Apparently someone has been doing some testing and came up with another sprinkler head, and somewhat of a code section to match it.

Just wondering if anyone has run into a system with these heads.::

http://www.vikinggroupinc.com/databook/sprinklers/special/110503.pdf

http://www.tyco-fire.com/TFP_common/CC1-2.pdf

if the head is used a draft curtain is required::

"""" Draft curtains or heat collection baffles or solid walls are required using wood or other product that will not allow heat to escape. The maximum detection space shall be limited to 1000 sq ft (93 sq m). The draft curtain is required to protrude down from the top deck surface as specified herein. """"""""

and the section of nfpa 13 2010:

2nd:"8.15.1.6 Sprinklers used in horizontal combustible concealedspaces (with a slope not exceeding 2 in 12) with combustiblewood truss or wood joist construction having a combustibleupper surface and where the depth of the space is lessthan 36 in. (914 mm) from deck to deck or with double woodjoist construction with a maximum of 36 in. (914 mm) betweenthe top of the bottom joist and the bottom of the upperjoist shall be listed for such use."

              """""" shall be listed for such use """"""""


----------



## cda (Aug 14, 2011)

Anyone seen these heads used????


----------



## JustReid (Aug 15, 2011)

I had not seen these heads yet.

Where is the draft curtain reference coming from?

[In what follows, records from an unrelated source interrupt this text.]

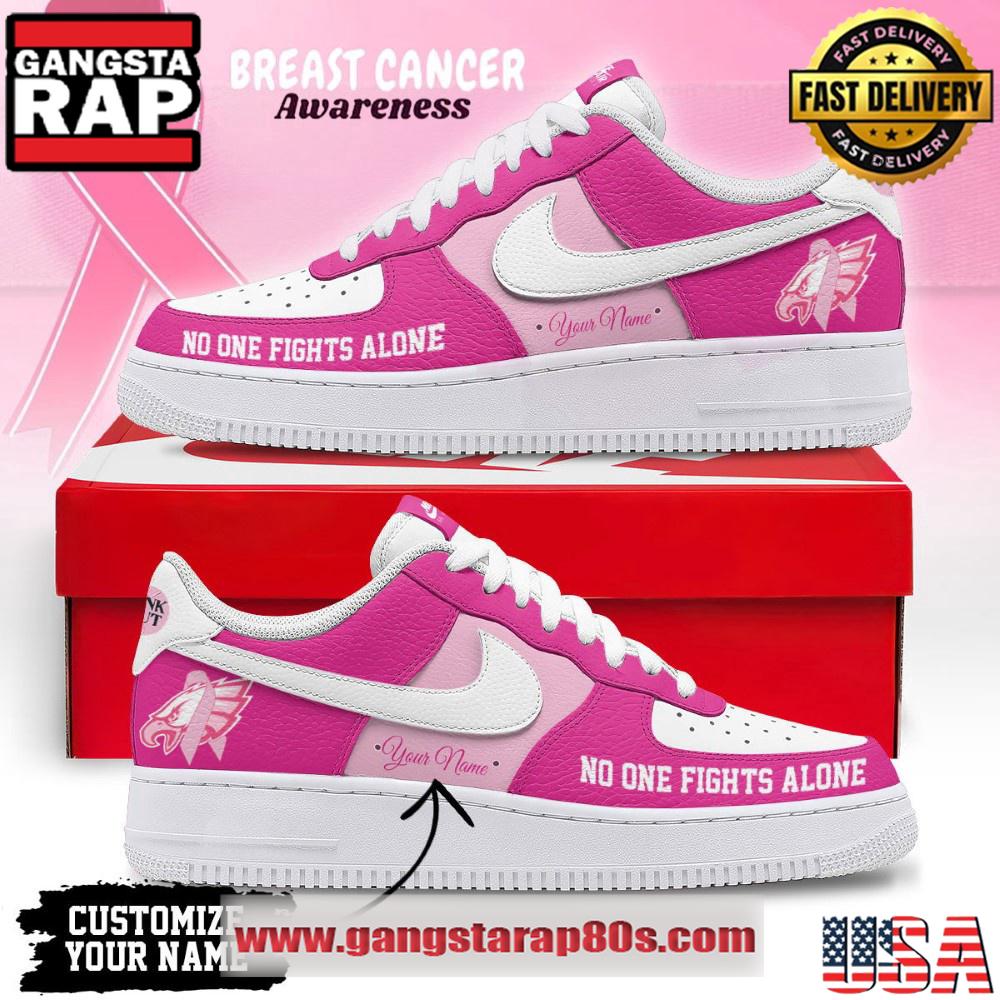 Philadelphia Eagles Breast Cancer Awareness October Custom Air Force 1 Running Sneakers Shoes Philadelphia Eagles Breast Cancer Awareness October Custom Air Force 1 Running Sneakers Shoes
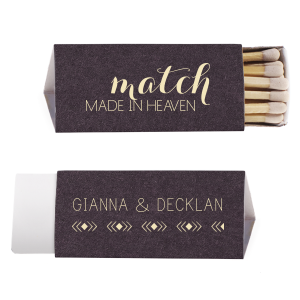 Our custom Natural Amethyst Triangle Matchbox with Matte Ivory Foil Color has a Diamond Stripe graphic and is good for use in Love themed parties and can't be beat. Showcase your style in every detail of your party's theme!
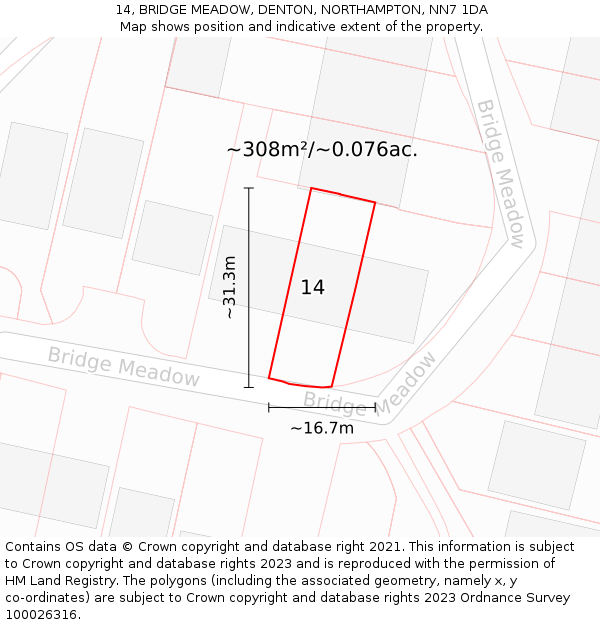 14, BRIDGE MEADOW, DENTON, NORTHAMPTON, NN7 1DA: Plot and title map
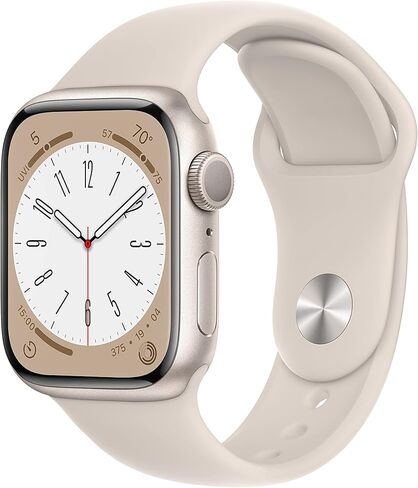 Apple Watch Series 8 (نظام تحديد المواقع العالمي (GPS)، 41 ملم) - هيكل من الألومنيوم ستارلايت مع حزام ستارلايت الرياضي (إصدار مميز متجدد) in Saudi Arabia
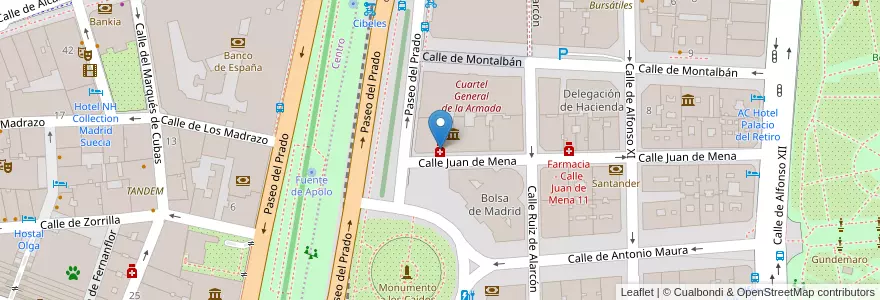 Mapa de ubicacion de Farmacia y Óptica Militar en İspanya, Comunidad De Madrid, Comunidad De Madrid, Área Metropolitana De Madrid Y Corredor Del Henares, Madrid.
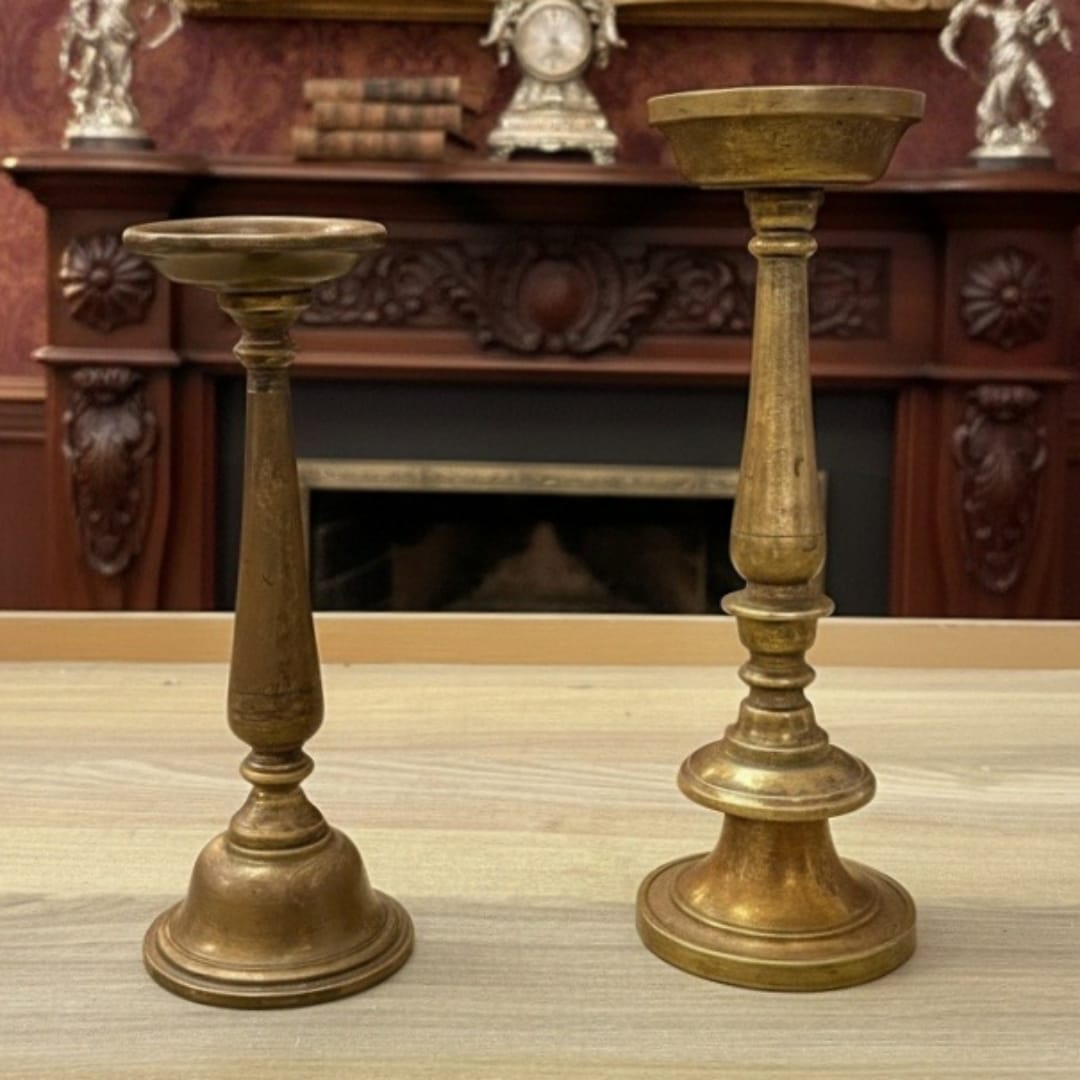 1960 Antique Brass Niranjan Pair | Traditional Oil Lamp Set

What (if any) issues are you seeing with them? (Other than another specialty head that probably costs more).

I imagine one of the big issues would be installers (and potentially plancheckers) missing this new requirement and maybe finding it during inspection.


----------



## cda (Aug 15, 2011)

It is a requirement as part of the listing and found in the sprinkler head spec sheet

This has been a requirement of nfpa 13 since 2002

Just found out about it


----------



## RBK (Aug 15, 2011)

I see them quite often.  They have been around at least 10 years, though the UL listings have been through some revisions.  I think the justification behind the NFPA 13 section was that they are more effective at protecting those type of spaces, partly because they are closer to the fire (max spacing is 12', instead of 15').  But I'm sure it didn't hurt that manufacturers have members on the committee and a code requirement certainly helps sell the sprinklers.  One of the benefits is that they can be used with CPVC piping in some situations.  Material costs are higher, but labor savings can often more than makes up the difference.


----------